Fundos: mesmo prevendo volatilidade, gestora aumenta exposição em bolsa

SÃO PAULO – "O futuro parece muito promissor (...). No entanto, provavelmente, o ambiente seguirá turbulento". Mesmo após um mês de maio caótico para o mercado de renda variável - o Ibovespa teve seu pior desempenho mensal desde outubro de 2008 -, sobretudo por conta dos sinais de deterioração fiscal emitidos pelos países europeus, os gestores da Votorantim Asset demonstram certa dose de otimismo em sua carta mensal.

"Nos últimos meses o mercado de ações apresentou bastante oscilação". Os números elucidam essa afirmação: entre a máxima alcançada em abril (71.784 pontos) e a mínima registrada em maio (58.192 pontos), o índice paulista oscilou em torno de 19%. Para a gestora, as preocupações vindas do velho continente foram determinantes para a movimentação negativa das ações.

Porém, os gestores acreditam que essa crise na Europa não terá severas consequências no resto mundo, devendo permanecer restrita aos países do bloco. Baseando-se nisso, suas apostas para a renda variável ganham forças. Novas apreciações do real em relação ao euro também são esperadas.

Retomando participação em bolsa Mesmo esperando que a instabilidade se mantenha nos próximos pregões, a gestora continua apostando em um movimento de retomada. "Para junho, aumentamos levemente nossa exposição em bolsa, em linha com a nossa expectativa de valorização no médio/longo prazo", argumentam os gestores. Eles explicam ainda que no mês passado eles reduziram a participação na renda variável e aumentaram em renda fixa, como forma de proteger a carteira da volatilidade registrada no período. 
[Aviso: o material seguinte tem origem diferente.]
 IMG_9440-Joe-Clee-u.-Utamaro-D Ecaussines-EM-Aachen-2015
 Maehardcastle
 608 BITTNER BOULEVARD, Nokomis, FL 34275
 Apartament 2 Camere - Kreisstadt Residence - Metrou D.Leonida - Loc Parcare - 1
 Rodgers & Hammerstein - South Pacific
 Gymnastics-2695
"Acreditamos que os fundamentos da economia brasileira continuem favoráveis e no médio/longo prazo os investimentos em ações devem apresentar bons resultados", afirmam os gestores. Além das boas perspectivas de crescimento para a economia brasileira - a Votorantim espera uma expansão de 7% e 4,5% para o PIB (Produto Interno Bruto) nacional em 2010 e 2011, respectivamente -, há a expectativa de que as ofertas de ações de Petrobras e Banco do Brasil resultem em um forte fluxo de investimentos à bolsa doméstica.

Aliado a isso, os gestores também chamam a atenção para os pontos positivos que a volatilidade nos mercados pode proporcionar aos investimentos. "A elevada volatilidade deve continuar propiciando excelentes oportunidades de entrada ou de aumento de posição", afirmam.

Renda fixa

Quem também deverá se beneficiar do provável fluxo positivo de investimentos estrangeiros no País é a renda fixa. Para a gestora, a expectativa de que a taxa básica de juro continue subindo poderá atrair uma boa fatia deste capital. Vale lembrar que, na última quarta-feira (9), o Copom (Comitê de Política Monetária) elevou a Selic em 75 pontos-base, indo para 10,25% ao ano. Foi a segunda alta consecutiva na taxa de juro.
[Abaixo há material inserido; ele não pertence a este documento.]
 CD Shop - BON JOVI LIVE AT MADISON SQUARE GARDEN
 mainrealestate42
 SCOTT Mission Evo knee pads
Contudo, durante o mês de maio, as taxas de juros futuros registraram queda. "A Europa contribuiu para isso, uma vez que o agravamento da crise na região implicaria em arrefecimento da economia e menor necessidade de alta de juros", justificam os gestores.

Contrabalanceando essa instabilidade externa, a forte expansão do Brasil continuará atuando como balanceador, já que o crescimento econômico pode ligar o sinal de alerta sobre a inflação, forçando novas altas na Selic. "O balanço entre esses dois eventos continuará sendo o principal fator para o mercado de juros", conclui a Votorantim.
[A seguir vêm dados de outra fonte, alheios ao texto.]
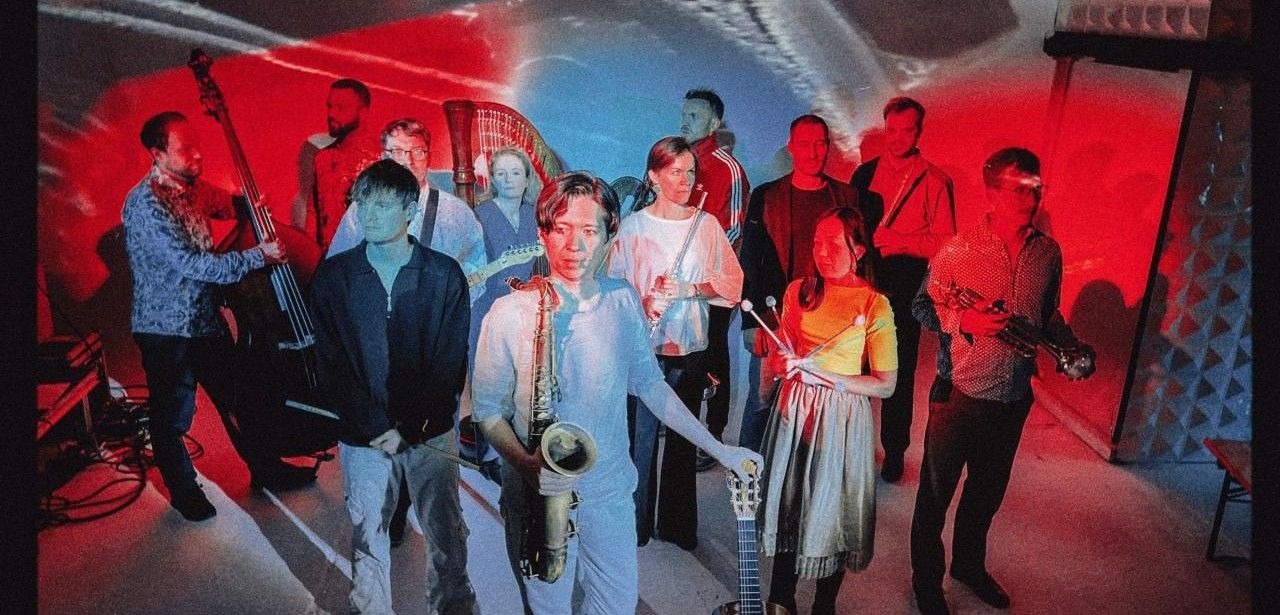 Musikalische Vielfalt und kulturelle Schätze beim 26. (Foto: Region Hannover)
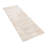 Moono Area Rug-1353500103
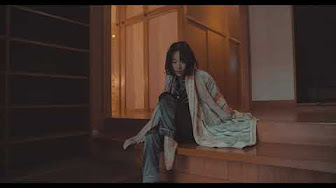 Japanese Official Music Videos 18 再生リストのトップに最新のmvを追加しています Add New Videos To Top Of Playlist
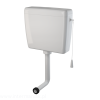 pol_pl_Zbiornik-WC-UNI-DUAL-uniwersalny-bialy-29738_1.png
A Votorantim Asset sugere a posição vendida nos contratos de médio prazo, "caso tenham algum aumento nos prêmios implícitos".

Real: força contra o euro, cautela contra o dólar

Por fim, no mercado cambial, a gestora espera que as incertezas internacionais continuem alimentando a movimentação volátil das cotações entre o dólar e o real. "Assim, a atuação no mercado de câmbio deve ser de cautela", ressalta.

Já diante do euro, o fortalecimento da moeda nacional reflete dois fatores, segundo os gestores: o forte investimento estrangeiro no País - tanto direto quanto em carteira - e o saldo positivo da balança comercial. No segundo caso, o crescimento da economia chinesa e a recuperação norte-americana, ambos combinados com o rali nos preços das commodities, tem sustentado essa apreciação.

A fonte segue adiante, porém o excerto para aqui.